Meskipun para pegiat lingkungan dan penggemar energi surya lainnya mempromosikan energi surya sebagai sumber daya yang bersih dan tak terbatas, para kritikus mencatat bahwa pembangkit listrik tenaga surya membutuhkan lahan luas untuk menampung sejumlah besar panel surya yang dibutuhkan untuk menghasilkan listrik berskala utilitas. Proses produksi sel surya yang intensif energi dapat berkontribusi pada emisi gas rumah kaca dan logam berat yang signifikan, yang berpotensi mengurangi beberapa manfaat energi surya.
Para pendukung berpendapat bahwa efisiensi sel surya telah meningkat seiring dengan penurunan biaya yang terkait dan bahwa mereka mengharapkan kedua tren tersebut akan berlanjut dengan kemajuan teknologi di masa depan.
Indonesia memiliki potensi energi surya yang sangat besar, jauh lebih besar daripada semua sumber energi lainnya digabungkan dan jauh lebih besar daripada yang dibutuhkan.

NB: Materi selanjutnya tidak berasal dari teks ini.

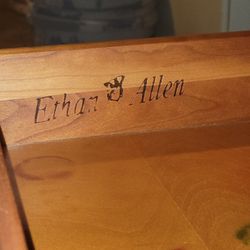 Ethan & Allen End Table + Wooden Chairs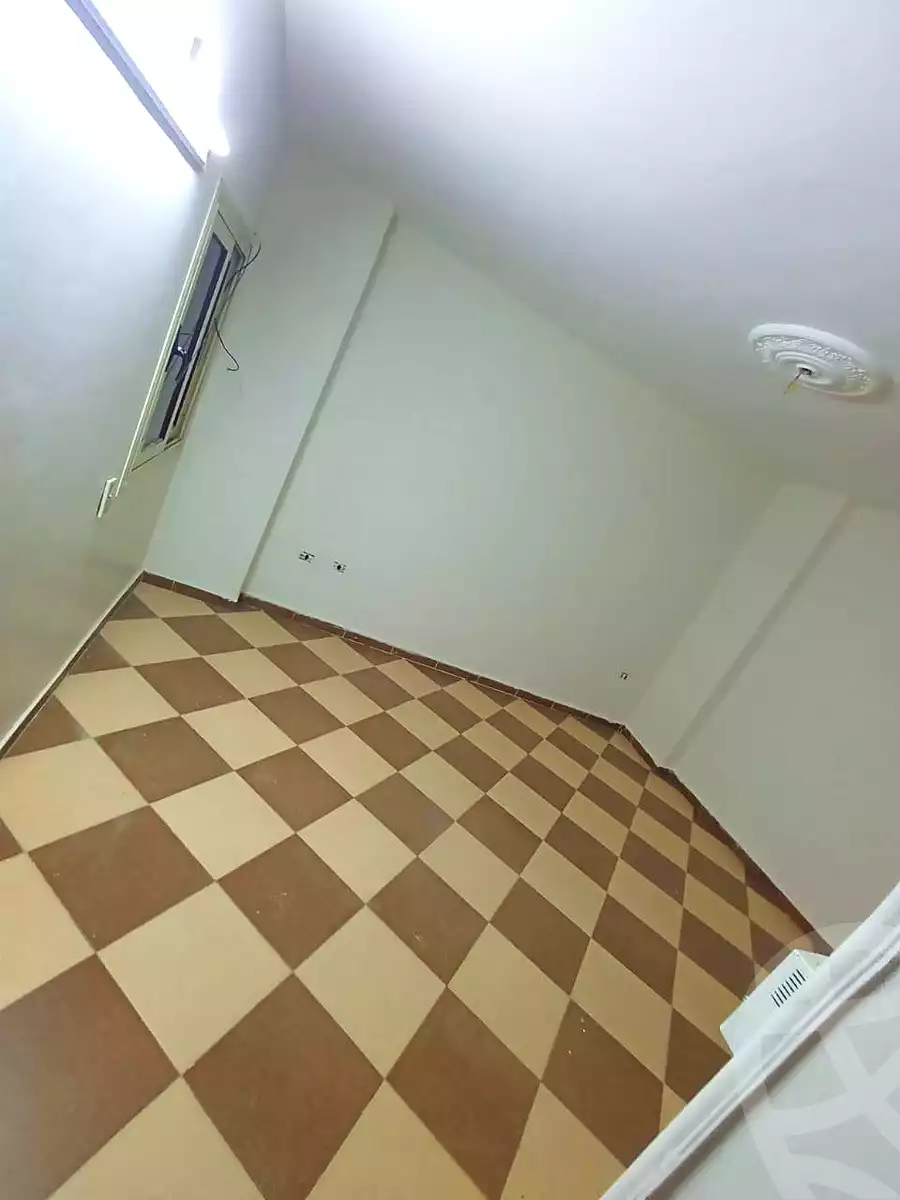 https://aqarmap.com.eg/en/listing/6798978-for-sale-cairo-helwan-helwan-el-sharkeya-khesro-basha-st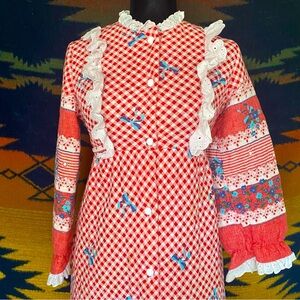 Vintage JR. Bazaar Union Made Quilted House Robe. Button up. Small. Pocket.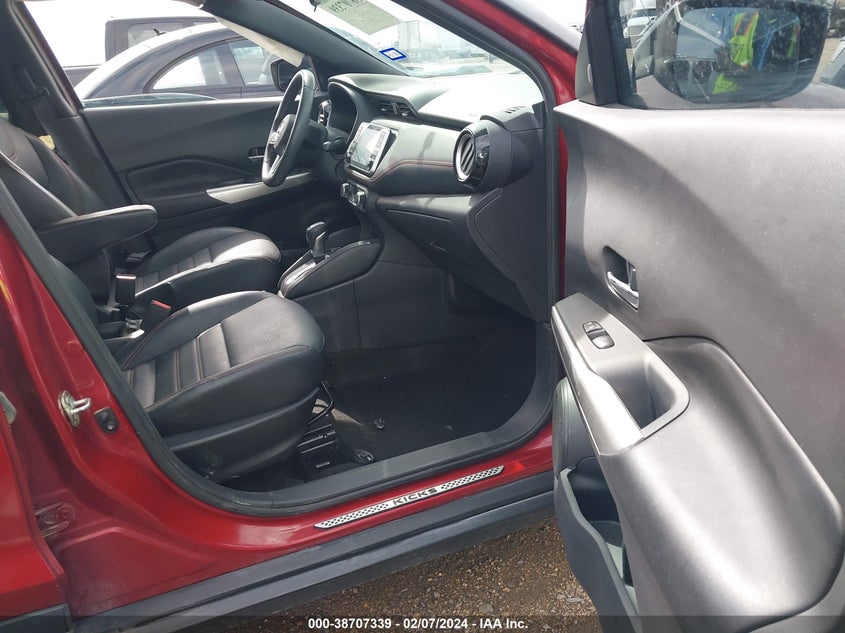 VIN 3N1CP5CU6KL551255 2019 NISSAN KICKS SR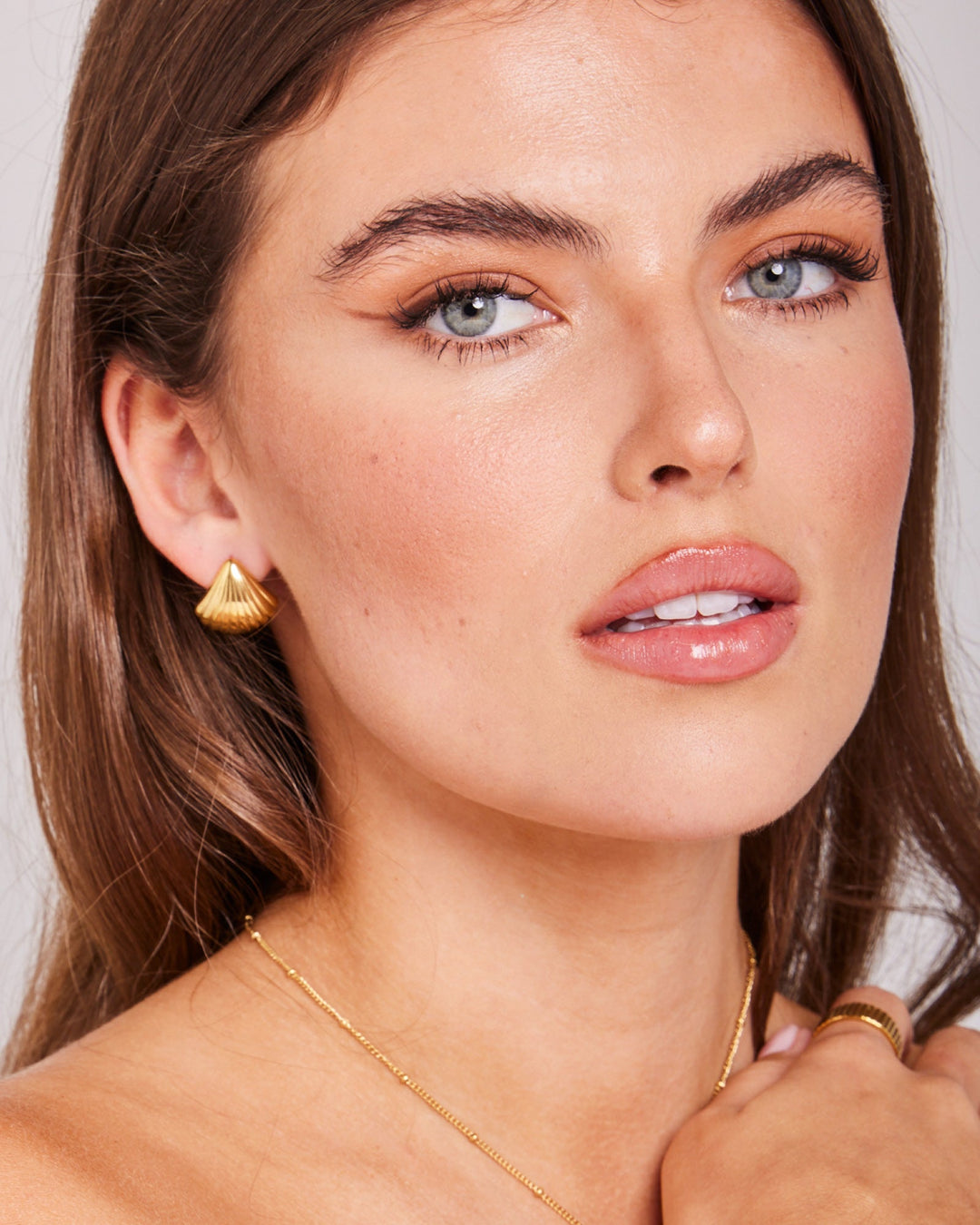 Drift Large Shell Stud Earrings | Zoe Olivia Jewellery Australia
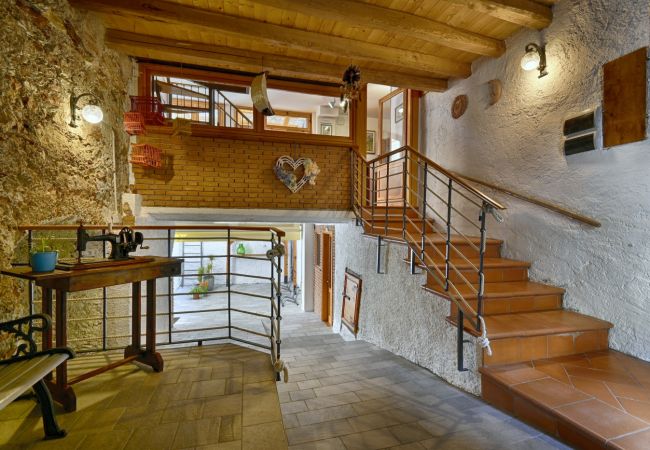 Ferienhaus in Tignale - Rustico Balòt 21 - Theater Home, mit Pool und Seeblick Ferienhaus in Tignale - Rustico Balòt 21 - Theater Home, mit Pool und Seeblick
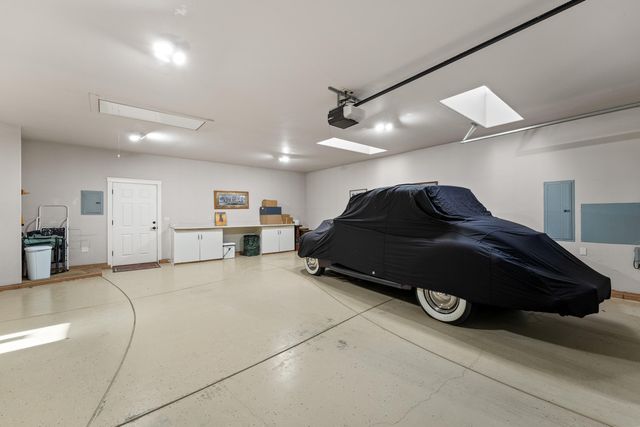 1260 Pinecrest Drive, Grants Pass, OR 97526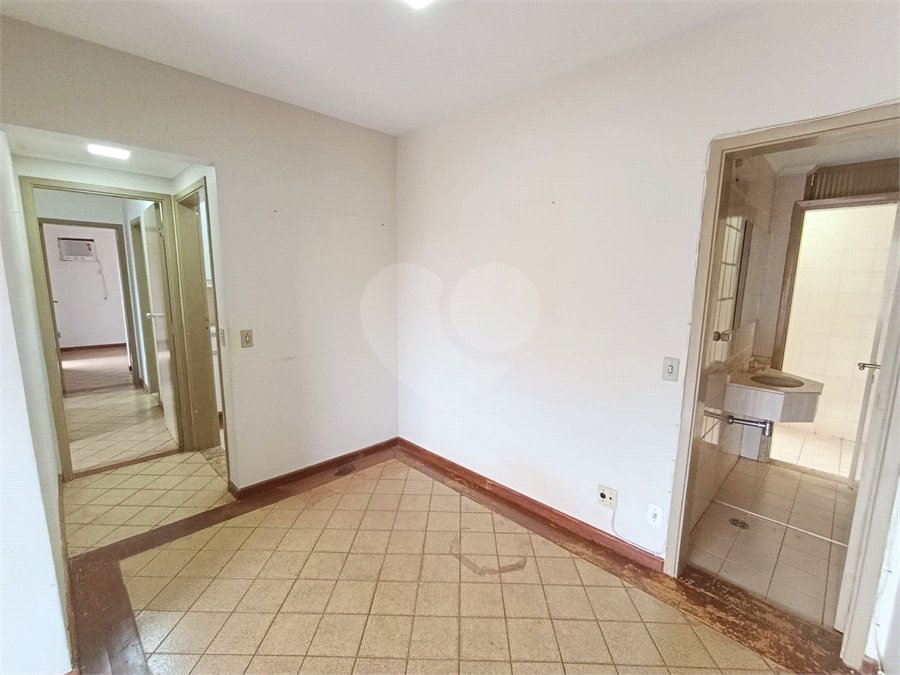 Apartamento à venda com 3 quartos, sendo 1 suíte, no Centro, Ribeirão Preto, SP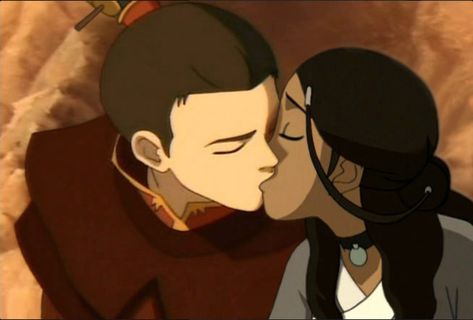 Prince Zuko and Katara's romantic kiss of true love moment from Avatar The Last Airbender Zutara Kiss, Katara Cosplay, Katara And Zuko, Zuko X Katara, Zuko Katara, Fireboy And Watergirl, Interracial Art, Avatar Ang, Zuko And Katara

Menurut sebuah studi yang baru-baru ini dipublikasikan oleh tim Energi Terbarukan 100% di Australian National University (ANU), Indonesia dapat menangkap 7 Terawatt (TW) listrik dari 10 miliar panel surya, menempati ruang seluas 35.000 kilometer persegi.Â
Badan Energi Internasional baru-baru ini mengatakan: "Untuk proyek dengan pembiayaan berbiaya rendah yang memanfaatkan sumber daya berkualitas tinggi, PV (fotovoltaik) surya sekarang menjadi sumber listrik termurah dalam sejarah. Surya telah berkontribusi pada sekitar setengah dari penambahan kapasitas pembangkitan global karena murah."
Namun, di mana Indonesia dapat meletakkan 10 miliar panel surya yang dibutuhkannya? Berdasarkan studi kami, panel-panel tersebut dapat ditempatkan di atap dan bekas lokasi tambang batubara, di lokasi pertanian, dan mengapung di laut pedalaman khatulistiwa Indonesia yang tenang. Berikut adalah tempat untuk memasang 10 miliar panel:
1) Surya atap: Ini tidak memerlukan ruang tambahan. Sejumlah besar surya dapat ditempatkan di atap perumahan, komersial, dan industri, fasad bangunan, dan area perkotaan lainnya mencapai 7-19% dari kebutuhan.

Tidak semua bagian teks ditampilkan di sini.